Na-Alg is one of the carbohydrate polymers that have received intense attention in biomedical research [14,15]. It is a naturally occurring polysaccharide consisting of guluronic (G) and mannuronic (M) acid residues [16,17], with the G-blocks and M-blocks interspersed within regions of alternating structures [16,18]. As drug carriers, Alg-based materials can be fabricated in multiple forms, ranging from nanoparticles to fibers [12,19]. The latter has attracted particular interest because fibers cannot only carry drug molecules but may also serve as building blocks to generate scaffolds to allow the adherence, proliferation and differentiation of cells to treat pathological or injured tissues [19], [20], [21], [22]. Despite this promising potential and similar to the case of other drug carriers, Alg-based fibers documented in the literature have been reported predominately for delivery of single agents till now [23], [24], [25], [26]. As a matter of fact, while the “single molecule, single target, and single drug" approach has dominated for most of the 20th century [27], multi-drug therapy has gained increasing attention due to its potential of boosting the therapeutic efficiency beyond that of a single drug [28], [29], [30]. Although few efforts in the literature have attempted to mix and load different drugs into a single system (ranging from polymeric micelles [31,32] and metal-organic frameworks [33] to hydrogels [34,35]) for co-delivery of multiple drugs, most of these efforts fail to enable precise manipulation of the release rate of each of the co-delivered drugs because changing the release sustainability of the system for one drug leads to changes in the release profile of the other. This limits the possibility of co-delivering therapeutic agents that show different desired release kinetic patterns. To address this need, this study reports a one-pot method of generating alginate-based complex fibers with the Janus morphology, with CMC-Na serving as a polymeric modifier of the properties of each of the fiber compartments. The generated fibers show high biocompatibility, and are applicable to applications in which co-delivery of multiple drugs at individual release rates is required.

2. Materials and methods

2.1. Materials

CMC-Na (average Mw ≈ 10 kDa, degree of substitution = 0.7), minocycline hydrochloride (MH), and malachite green (MG) were purchased from Sigma-Aldrich (St. Louis, MO, USA). Na-Alg (40–90 mPa s in 1% aqueous solution, M/G ratio = 2.05, Mw = 16–34 kDa) was purchased from Fisher Scientific Co. (Pittsburgh, PA). Calcium chloride (CaCl₂) was purchased from Macklin (Shanghai, China). Dulbecco's Modified Eagle's Medium (DMEM; Gibco, Grand Island), fetal bovine serum (FBS; Hangzhou Sijiqing Biological Engineering Materials Co., China) and penicillin G-streptomycin sulfate (Life Technologies Corporation, USA) were adopted as the cell culture medium. Trypsin-EDTA (0.25% trypsin-EDTA) was purchased from Invitrogen (Carlsbad, CA, USA).

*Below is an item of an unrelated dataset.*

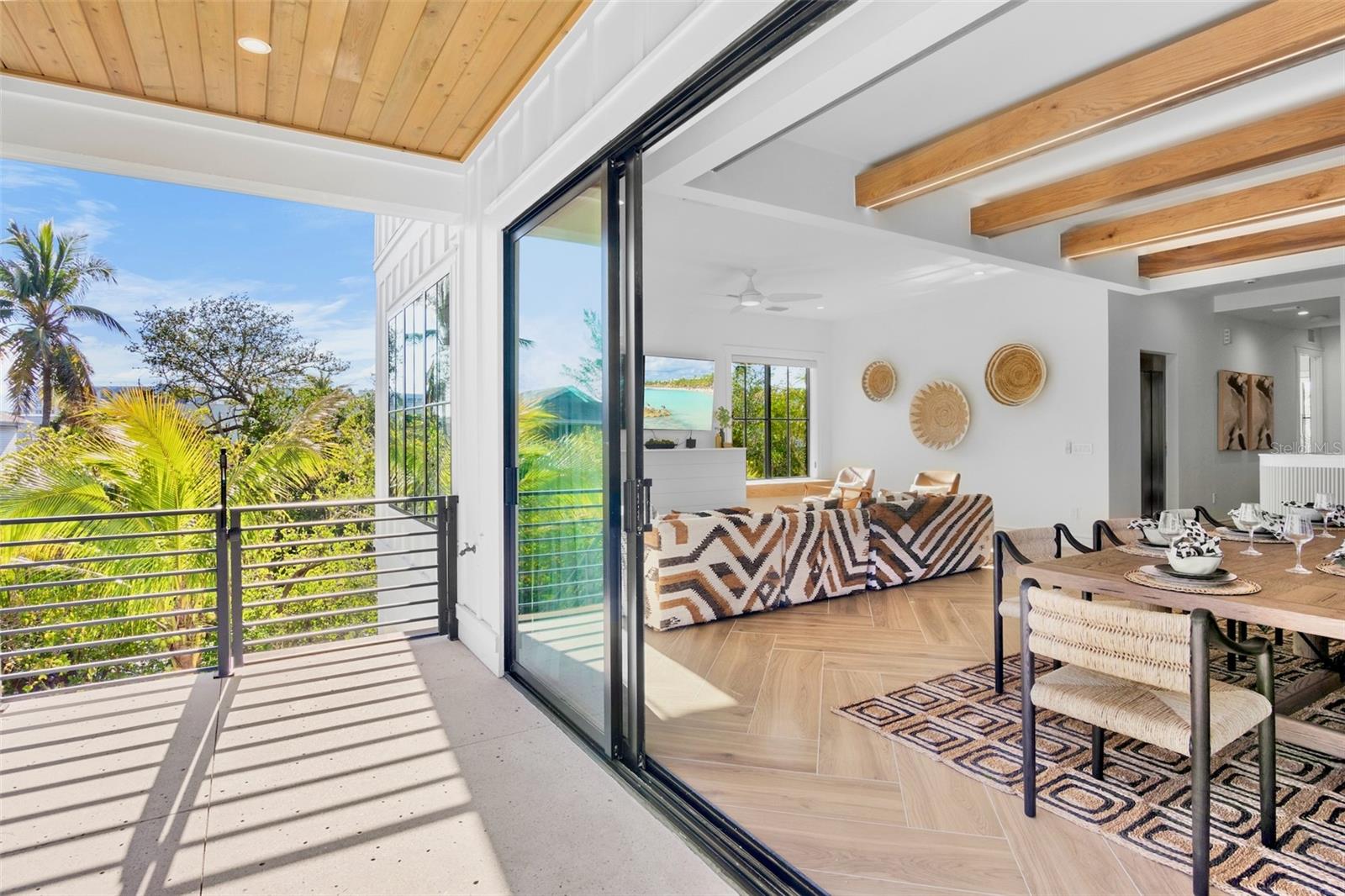 SABAL PALMS - Residential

2.2. Fabrication of complex fibers with the Janus morphology

A syringe barrel having two chambers located side by side was designed and adopted for the generation of Janus fibers. Each chamber was filled with an aqueous solution containing appropriate amounts of Na-Alg, CMC-Na and a drug model. The Na-Alg/CMC-Na blend was designated as AxCy, with the mass-to-mass ratio of Na-Alg and CMC-Na being x/y. A syringe pump was used to push the two-piece plunger rod, in which a rubber piston was attached to the end of each piece, to eject the solutions from the dual-barrel syringe into a collection bath containing a 10% (w/v) solution of CaCl₂. The diameter of the generated fiber was controlled by changing the size of the syringe nozzle adopted. The Janus fibers were collected after 10 min of gelation at ambient conditions in the collection bath, and were sterilized by UV irradiation. The same procedure was adopted to generate fibers with a homogenous composition by loading the two barrels of the syringe with the same polymer solution. The composition of the complex fiber was designated as C-AxCy, with the mass-to-mass ratio of Na-Alg and CMC-Na being x/y.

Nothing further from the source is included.